За забором, тянувшимся вдоль дворика, слабо зеленел на темном фоне полей огород, вскопанный, засеянный и засаженный ее руками. Он имел очень жалкий вид в сравнении с другой половиной, принадлежащей Козлюкам и обработанной Ульяной. Там все имело свежий вид, росло густо, хорошо и издавало сильный аромат; тут изредка рассеянные растения завяли и засохли. Работая на этих огородах, две женщины видались ежедневно, и Ульяна не могла, а может быть, она и не хотела воздерживаться от издевательств над неловкой и ленивой работой Франки. Она назвала ее раз «пани», на что Франка, подымаясь с земли, закричала:

— Да уже верно не такая, как ты, хамка!

Тогда Ульяна прогнала со своей половины Октавиана, который играл в песке между грядками с ее трехлетней Марыськой. Она просто схватила его на руки и перебросила через низкий забор на ту половину, где находилась его мать. Глаза ее пылали от презрения и гнева, но она сжала зубы и уже ничего больше не говорила, хотя Франка, размахивая руками, то рыдая, то издеваясь, ругала ее до тех пор, пока Павел не пришел и не повел жену за руку в избу.

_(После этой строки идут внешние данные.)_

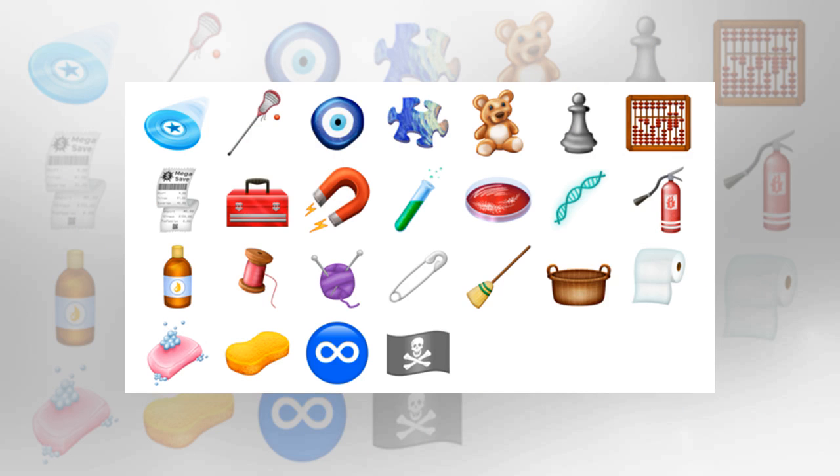Body parts: we've got legs, feet, a bone, and tooth. New animals, food, and some other odds and ends.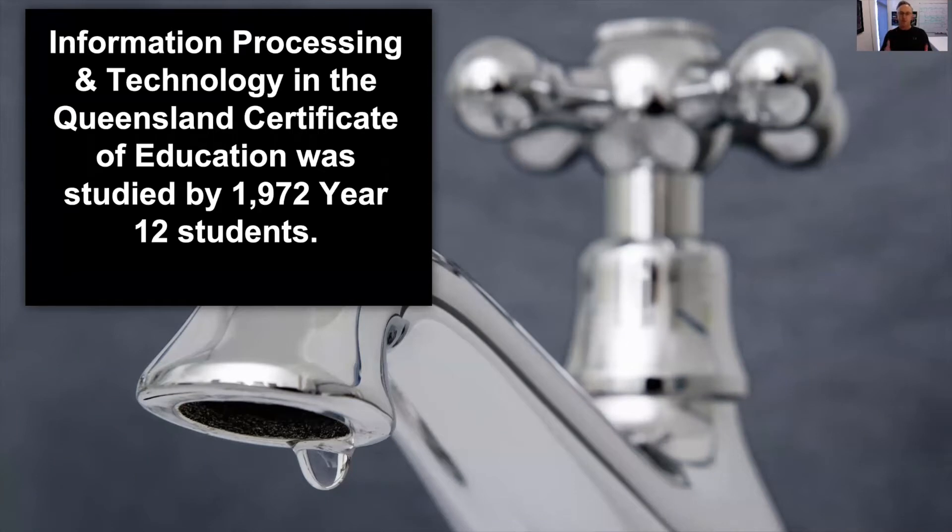This is around half the number that we'd see in a course such as drama or accounting, and around one-tenth of the number of students that we'd see in a mainstream science course such as biology.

Теперь дворик Козлюков был тих и пуст. Ульяна пошла за своей коровой на пастбище и взяла детей с собой; Филипп и Данилка нанялись сегодня косить на фольварке. Только воробьи под крышами обеих изб и в старой груше пронзительно чирикали. По всей деревне слышались громкие голоса людей и животных; издалека доносился клекот аиста, а Франка, сидя на пороге своей избы, смотрела печальными глазами в лицо ребенка и что-то шептала ему бледными губами.

Вдруг из-за угла послышалось хриплое, но довольно громкое бормотание, прерываемое вздохами и стуком палки.

— Отче небесный, помилуй нас! Иисусе искупителю, помилуй нас…

Франка быстро подняла глаза и увидела выглянувшее из-за угла большое морщинистое лицо с воспаленными и припухшими глазами.